LSU's Leonard Fournette and Stanford's Christian McCaffery are skipping bowl games to prepare for the NFL Draft. Baylor's Shock Linwood says he's doing so as well, but odds are his decision has a lot more to do with his strained relationship with the Baylor coaching staff than his NFL future.

I don't know if this is a new trend, or if we should be alarmed, though plenty of people have clearly shared their feelings, ranging from "it isn't a big deal," to "this is the end of college football as we know it."

So, you know, business as usual.

As for what has led to McCaffery's and Fournette's decisions, Alabama coach Nick Saban believes he knows the answer: the College Football Playoff.

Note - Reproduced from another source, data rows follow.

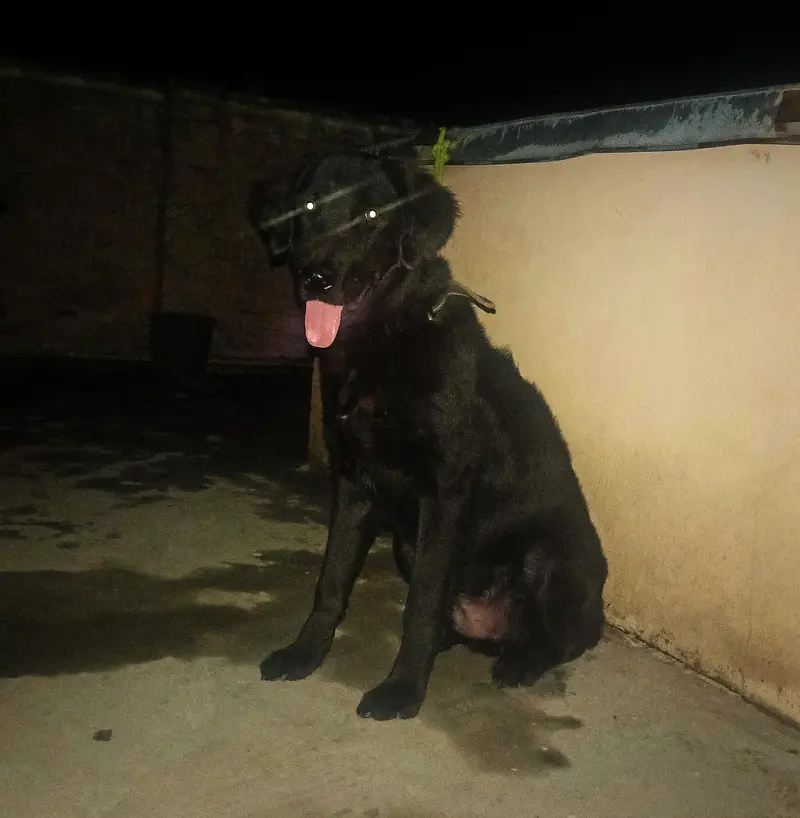 Black Labrador male for sale — photo 5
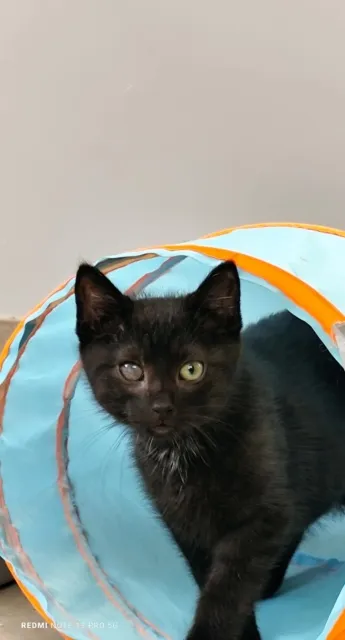 Kot do adopcji, Piła, 20 czerwca 2025 (3/4)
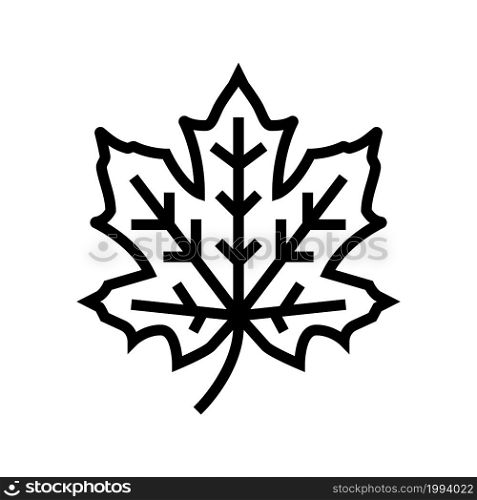 maple tree leaf line icon vector. maple tree leaf sign. isolated contour symbol black illustration. maple tree leaf line icon vector illustration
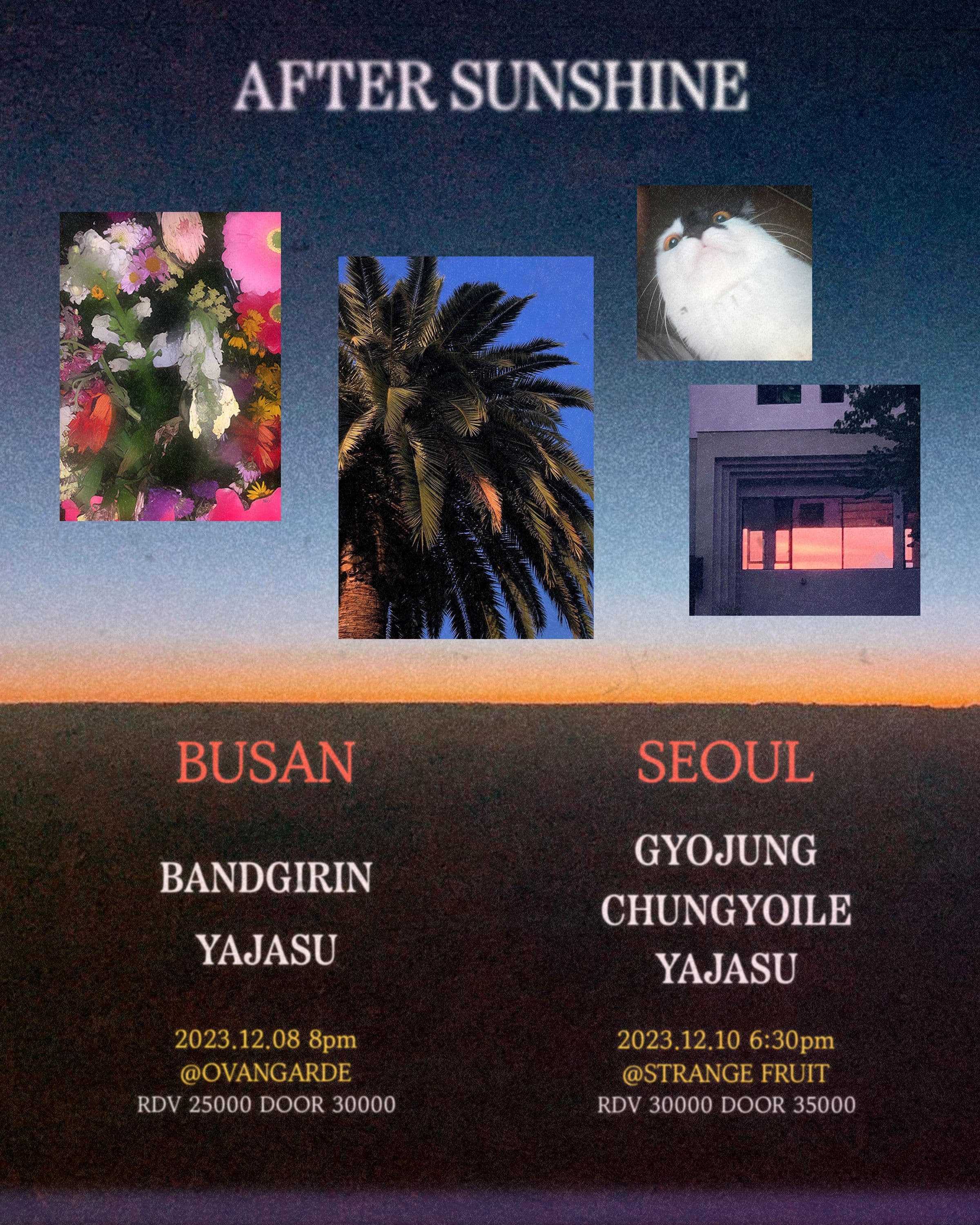 야자수 YAJASU 'AFTER SUNSHINE' 발매 공연  - 부산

"We kind of created this trend," Saban said. "I said as soon as we had a playoff, we were going to minimize the importance of all the other bowl games. I'm not saying whether it's good or bad, it kind of is what it is.

"I don't know where all this is going, but I don't think it's going to change. Is it good? Probably not. But you can't blame the kids. It's a product of what we created."

I don't believe Saban's logic is flawed, though I don't completely buy it. I believe the decisions of McCaffery and Fournette reflect changes we've seen in recent years. Everything from players at Northwestern organizing to form a possible union back in 2014, to the Ed O'Bannon lawsuit against EA Sports that helped put an end to video games using the likenesses of college athletes.

As a recent Nobel Prize winner once sang, "Times, they are a-changin."

So while I don't completely disagree the assertion that the playoff takes the shine off other bowls, I think Saban's view is overly simplistic. I mean, from 1998-2013 we had a BCS system with a national championship game that lowered the significance of other bowls like the Sun and Citrus -- the games McCaffery and Fournette are skipping -- yet there wasn't a rash of players sitting out of those games.

What we're seeing is a greater awareness among college athletes of themselves and their future worth.